Friday, January 13, 2017

Having Trouble Standing Up For Yourself? You Want To Read This

I have been intimidated in so many situations in my life. When I was younger it seemed that every man in my life was mean, angry, and abusive. When it wasn't them it was someone else. 

As an adult, I just let people walk all over me. I never knew how to stand up lest there be a confrontation that could turn ugly. Something I desperately wanted to avoid. The times I had been in fights it always turned really ugly and I rarely gained control of myself until things had gone far to late. I never just got into a fight, I created victims. I hated that. 

For other people it may be different. Many people don't know how to end being taken advantage of from aggressive people or those who employ manipulation tactics. Whatever the reasoning is for you not standing up for yourself, know this, you are not alone and you do not have to become this angry person who is totally comfortable with confrontation in order to do so.

Over the past few years in prison I have ran into so many situations where I have had to learn the hard way what it means to be taken advantage of, in almost every way...

In prison, we have nothing. We are practically just a number and those who are supposed to protect us typically despise us. So when someone takes something from you, you react differently. More aggressively. When someone takes advantage of you once you are not quick to allow it to happen again. Call it "paying for the knowledge".

The first step to standing up for yourself is to just set your mind to do it. The things that keep you up at night are not suppose to be other people. It's suppose to be your own problems, your own dreams. So set your resolve that you are going to talk to people that you need to. No matter what the consequences may be. 
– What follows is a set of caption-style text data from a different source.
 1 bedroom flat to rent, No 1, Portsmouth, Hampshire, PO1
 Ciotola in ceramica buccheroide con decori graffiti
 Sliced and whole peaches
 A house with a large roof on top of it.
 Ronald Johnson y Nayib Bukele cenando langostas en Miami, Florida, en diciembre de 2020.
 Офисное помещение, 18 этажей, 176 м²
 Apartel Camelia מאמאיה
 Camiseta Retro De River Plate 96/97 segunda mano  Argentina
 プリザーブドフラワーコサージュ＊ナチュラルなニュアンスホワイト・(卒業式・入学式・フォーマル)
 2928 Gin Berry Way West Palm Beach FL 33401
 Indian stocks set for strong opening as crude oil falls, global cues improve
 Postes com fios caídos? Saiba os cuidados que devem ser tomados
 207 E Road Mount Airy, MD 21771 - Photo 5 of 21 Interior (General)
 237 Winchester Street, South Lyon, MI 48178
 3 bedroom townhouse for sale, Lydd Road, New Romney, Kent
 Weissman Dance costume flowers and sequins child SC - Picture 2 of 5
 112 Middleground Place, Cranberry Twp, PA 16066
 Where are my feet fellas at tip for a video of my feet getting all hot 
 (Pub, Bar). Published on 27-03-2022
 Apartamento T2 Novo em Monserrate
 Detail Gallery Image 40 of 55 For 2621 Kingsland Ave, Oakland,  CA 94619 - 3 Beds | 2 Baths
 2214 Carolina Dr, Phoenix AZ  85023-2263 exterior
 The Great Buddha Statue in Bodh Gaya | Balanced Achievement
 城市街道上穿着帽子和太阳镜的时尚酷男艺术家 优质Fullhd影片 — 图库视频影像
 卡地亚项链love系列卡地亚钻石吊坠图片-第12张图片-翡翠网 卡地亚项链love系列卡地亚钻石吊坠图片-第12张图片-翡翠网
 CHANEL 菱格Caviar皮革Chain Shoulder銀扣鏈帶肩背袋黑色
This environment can be very hostile. The "natural" thing to do in here is to react violently to anything that makes you feel uncomfortable and then ask questions later. But I have managed to stay away from most violence with some careful planning.

You have to set boundaries with people from the get go. You need to know the word "no". Then you need to use it, frequently. This doesn't mean that you don't help people, as your feelings lead you you should help people as often as possible. But remember that the things that help people the most is rarely material, almost always its emotional.

Just set the standard for yourself with every new person that you meet and every person that you have in your life currently, its okay to reinvent yourself as you go. In fact, most people do this frequently in their lives and its always a great time to do it, its never going to be a bad time.